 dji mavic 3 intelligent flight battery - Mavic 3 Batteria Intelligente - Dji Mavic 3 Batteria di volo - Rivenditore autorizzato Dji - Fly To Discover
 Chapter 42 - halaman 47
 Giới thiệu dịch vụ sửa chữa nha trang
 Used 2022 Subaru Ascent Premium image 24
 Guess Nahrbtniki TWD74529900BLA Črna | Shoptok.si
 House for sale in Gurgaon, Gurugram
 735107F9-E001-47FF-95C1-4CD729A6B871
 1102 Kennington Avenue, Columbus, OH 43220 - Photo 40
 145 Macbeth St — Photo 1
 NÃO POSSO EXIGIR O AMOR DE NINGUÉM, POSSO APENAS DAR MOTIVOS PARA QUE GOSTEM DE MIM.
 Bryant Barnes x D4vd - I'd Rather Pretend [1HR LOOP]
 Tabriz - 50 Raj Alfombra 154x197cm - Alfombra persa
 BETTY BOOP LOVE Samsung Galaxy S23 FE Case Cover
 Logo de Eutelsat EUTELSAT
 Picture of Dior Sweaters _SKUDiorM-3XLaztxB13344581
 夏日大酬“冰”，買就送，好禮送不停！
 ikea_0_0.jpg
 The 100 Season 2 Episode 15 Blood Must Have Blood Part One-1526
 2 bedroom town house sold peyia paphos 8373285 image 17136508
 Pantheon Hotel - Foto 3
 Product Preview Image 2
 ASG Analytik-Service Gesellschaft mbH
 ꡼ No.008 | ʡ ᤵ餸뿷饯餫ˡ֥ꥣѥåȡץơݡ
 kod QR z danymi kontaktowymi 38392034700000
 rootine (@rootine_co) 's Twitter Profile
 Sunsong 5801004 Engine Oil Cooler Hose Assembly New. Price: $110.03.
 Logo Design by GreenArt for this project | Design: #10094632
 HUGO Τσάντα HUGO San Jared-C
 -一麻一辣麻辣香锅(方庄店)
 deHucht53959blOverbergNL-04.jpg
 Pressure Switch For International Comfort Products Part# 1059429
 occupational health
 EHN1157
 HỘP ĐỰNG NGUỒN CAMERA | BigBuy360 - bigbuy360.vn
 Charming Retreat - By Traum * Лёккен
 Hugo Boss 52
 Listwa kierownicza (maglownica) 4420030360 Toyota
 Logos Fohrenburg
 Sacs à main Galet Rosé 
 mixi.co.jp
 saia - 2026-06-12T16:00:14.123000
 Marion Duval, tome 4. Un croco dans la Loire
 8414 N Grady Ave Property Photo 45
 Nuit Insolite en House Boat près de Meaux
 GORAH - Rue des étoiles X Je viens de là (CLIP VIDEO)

******

◆ **Required work**:
There is a line above that contains "-一麻一辣麻辣香锅(方庄店)". Copy it and all later lines through the last, exactly, and leave out the rest.

◆ **Problem solution**:
 -一麻一辣麻辣香锅(方庄店)
 deHucht53959blOverbergNL-04.jpg
 Pressure Switch For International Comfort Products Part# 1059429
 occupational health
 EHN1157
 HỘP ĐỰNG NGUỒN CAMERA | BigBuy360 - bigbuy360.vn
 Charming Retreat - By Traum * Лёккен
 Hugo Boss 52
 Listwa kierownicza (maglownica) 4420030360 Toyota
 Logos Fohrenburg
 Sacs à main Galet Rosé 
 mixi.co.jp
 saia - 2026-06-12T16:00:14.123000
 Marion Duval, tome 4. Un croco dans la Loire
 8414 N Grady Ave Property Photo 45
 Nuit Insolite en House Boat près de Meaux
 GORAH - Rue des étoiles X Je viens de là (CLIP VIDEO)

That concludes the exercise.